■ Provided information
★ ★ ★ ★ ★

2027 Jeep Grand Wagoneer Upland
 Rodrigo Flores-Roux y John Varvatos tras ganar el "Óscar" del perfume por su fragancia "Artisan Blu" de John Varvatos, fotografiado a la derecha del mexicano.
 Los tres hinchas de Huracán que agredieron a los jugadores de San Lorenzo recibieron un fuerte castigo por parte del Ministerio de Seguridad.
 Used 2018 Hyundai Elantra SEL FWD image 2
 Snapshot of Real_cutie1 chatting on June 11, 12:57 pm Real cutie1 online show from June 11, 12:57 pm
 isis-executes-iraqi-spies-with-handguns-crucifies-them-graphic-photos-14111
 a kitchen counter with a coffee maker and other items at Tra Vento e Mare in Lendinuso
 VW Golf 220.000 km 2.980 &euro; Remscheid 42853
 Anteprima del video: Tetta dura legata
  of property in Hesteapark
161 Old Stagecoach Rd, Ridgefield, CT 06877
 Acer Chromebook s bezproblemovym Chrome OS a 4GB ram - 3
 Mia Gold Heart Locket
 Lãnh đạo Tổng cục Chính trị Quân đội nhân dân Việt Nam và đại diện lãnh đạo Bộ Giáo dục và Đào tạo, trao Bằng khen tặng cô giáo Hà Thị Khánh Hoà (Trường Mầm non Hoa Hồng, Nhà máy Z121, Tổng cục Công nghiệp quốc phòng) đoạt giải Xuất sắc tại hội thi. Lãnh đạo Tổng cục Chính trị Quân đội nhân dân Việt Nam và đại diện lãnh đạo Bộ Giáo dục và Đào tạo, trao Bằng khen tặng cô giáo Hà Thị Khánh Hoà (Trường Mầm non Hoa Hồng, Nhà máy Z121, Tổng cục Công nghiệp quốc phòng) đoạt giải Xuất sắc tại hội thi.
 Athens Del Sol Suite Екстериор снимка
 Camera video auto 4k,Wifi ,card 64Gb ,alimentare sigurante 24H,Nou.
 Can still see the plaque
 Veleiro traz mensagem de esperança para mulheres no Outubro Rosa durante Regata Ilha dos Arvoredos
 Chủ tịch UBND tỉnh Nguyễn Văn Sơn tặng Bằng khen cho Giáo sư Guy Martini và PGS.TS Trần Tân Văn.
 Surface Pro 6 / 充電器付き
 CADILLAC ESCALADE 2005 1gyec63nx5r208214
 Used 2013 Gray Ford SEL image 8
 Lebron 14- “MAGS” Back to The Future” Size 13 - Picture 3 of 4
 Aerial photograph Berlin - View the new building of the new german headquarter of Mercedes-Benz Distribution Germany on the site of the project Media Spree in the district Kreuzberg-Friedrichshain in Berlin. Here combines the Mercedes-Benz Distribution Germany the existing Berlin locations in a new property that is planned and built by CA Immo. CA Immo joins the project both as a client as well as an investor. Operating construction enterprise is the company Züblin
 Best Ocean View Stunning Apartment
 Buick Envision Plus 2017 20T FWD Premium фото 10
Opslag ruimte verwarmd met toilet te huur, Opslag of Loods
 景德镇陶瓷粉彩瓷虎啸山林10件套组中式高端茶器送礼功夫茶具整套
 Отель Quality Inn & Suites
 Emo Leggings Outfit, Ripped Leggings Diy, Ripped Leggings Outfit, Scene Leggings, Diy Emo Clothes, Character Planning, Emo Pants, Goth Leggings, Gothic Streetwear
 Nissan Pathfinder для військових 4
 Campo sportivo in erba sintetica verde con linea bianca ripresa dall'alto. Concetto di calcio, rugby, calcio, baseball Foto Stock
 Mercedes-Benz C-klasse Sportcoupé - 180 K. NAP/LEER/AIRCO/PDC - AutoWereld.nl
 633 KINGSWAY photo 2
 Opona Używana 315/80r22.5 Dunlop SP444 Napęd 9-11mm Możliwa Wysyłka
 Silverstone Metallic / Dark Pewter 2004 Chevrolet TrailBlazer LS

★ ★ ★ ★ ★

■ Task to carry out
Your task is to count the lines in the material containing the word "video" and to state only that number.

■ Written solution
2